The queues at Israel’s Ben Gurion Airport begin when travelers are still in their vehicles, shortly after getting off the highway, at what appears to be a multi-lane toll booth.
Instead of a toll collector, however, two security guards greet travelers. One asks where they’re coming from, and another stands nearby with a finger on the trigger of a machine gun.
That welcome is the first of at least five layers of security personnel who scrutinize, interrogate, and often search passengers before they reach the gangway to board their plane. The personnel include members of Israel’s police and border patrol as well as uniformed airport guards and armed plainclothes officers.
The measures also include a system of racial profiling techniques that have raised allegations of anti-Arab discrimination from Israeli civil rights advocates. But security experts say that has helped prevent a major terrorist attack from being carried out at the airport for more than 40 years.
"We can’t afford an attack. We aren’t a superpower. A terrorist attack at an airport is more than an attack, it’s a hit on the reputation of the entire country,’’ says Pinni Schiff, a former security chief for Israel’s Airport Authority.
Tuesday’s bomb attacks in Brussels and at its airport renewed criticism among Israelis who say Europeans are too lax in the fight against terrorism and too “liberal’’ in their approach to security.
"You can’t have 100 percent protection of privacy and human rights and not have terror attacks,’’ says Mr. Schiff. “You can’t have both. It doesn’t go together. Europe has to improve on this.”
The enhanced security at Ben Gurion means the extra inconvenience for all travelers, regardless of ethnicity, of having to arrive 30 minutes to an hour earlier than at other airports.
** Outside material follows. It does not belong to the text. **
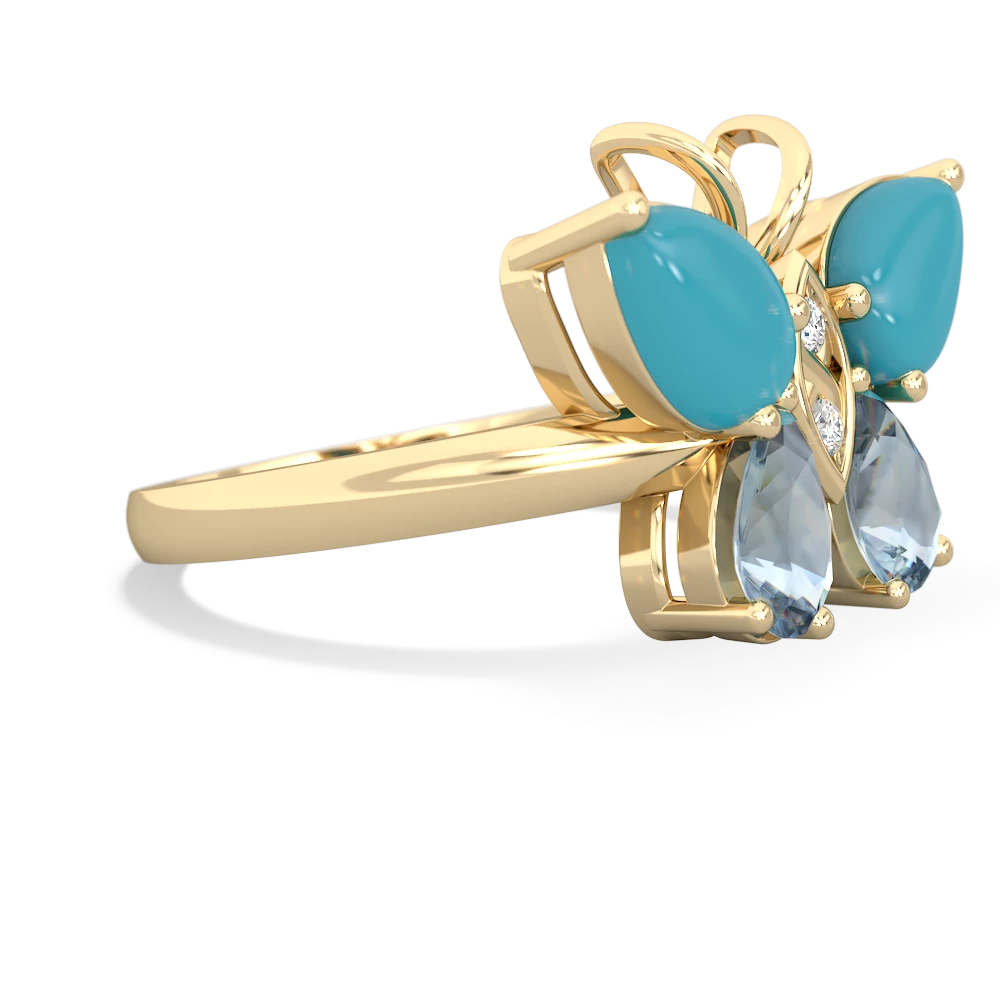 Turquoise Butterfly 14K Yellow Gold ring R2215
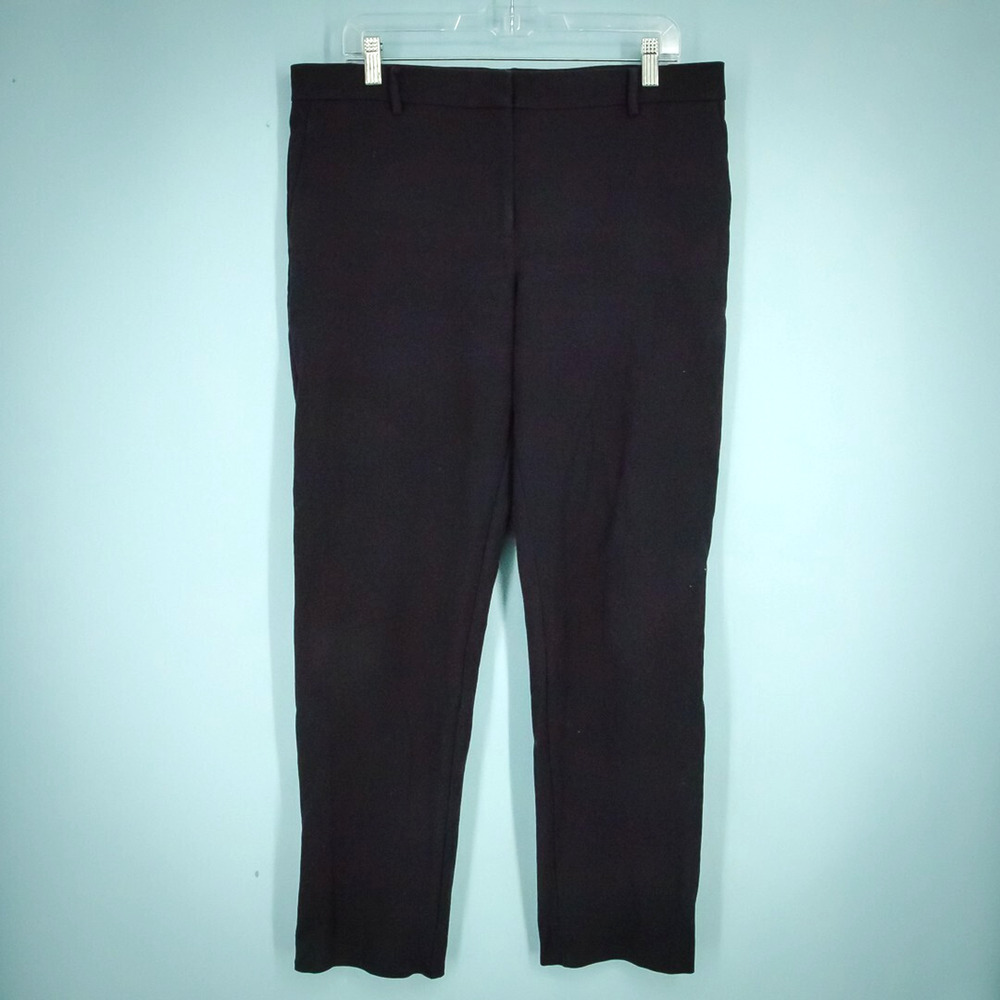 Ann Taylor Size 12T Tall Eva Ankle Navy Blue Straight Leg Cotton Blend Pants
It can also mean enduring the anxiety of getting stuck in long security queues when rushing to make a plane.
For Arab and Muslim passengers mainly, it can mean awkward interrogations and sometimes body searches.
“We have to get here three hours before departure. The security checks can take a long time, but the security is good,’’ says Khader Attoun, a 55-year-old Palestinian health-care administrative cleric from East Jerusalem who was flying to Istanbul Friday. “I didn’t sense any discrimination. Maybe for the young generation this is a problem.”
Layers of scrutiny
Security guards with Israeli flag patches on their sleeves are also posted outside the sliding doors leading to the main departure terminal at the airport. Some travelers pass through with no questions, while others are asked to present identification documents.
Once inside the departure check-in hall, a new line snakes to and fro. Passengers and families lugging large suitcases slowly approach another security agent, who begins with a set script of questions about the luggage that veteran travelers can recite by rote:
“Where are you coming from? Where do you live? Who packed your bags? Who was watching the bags since you packed them?”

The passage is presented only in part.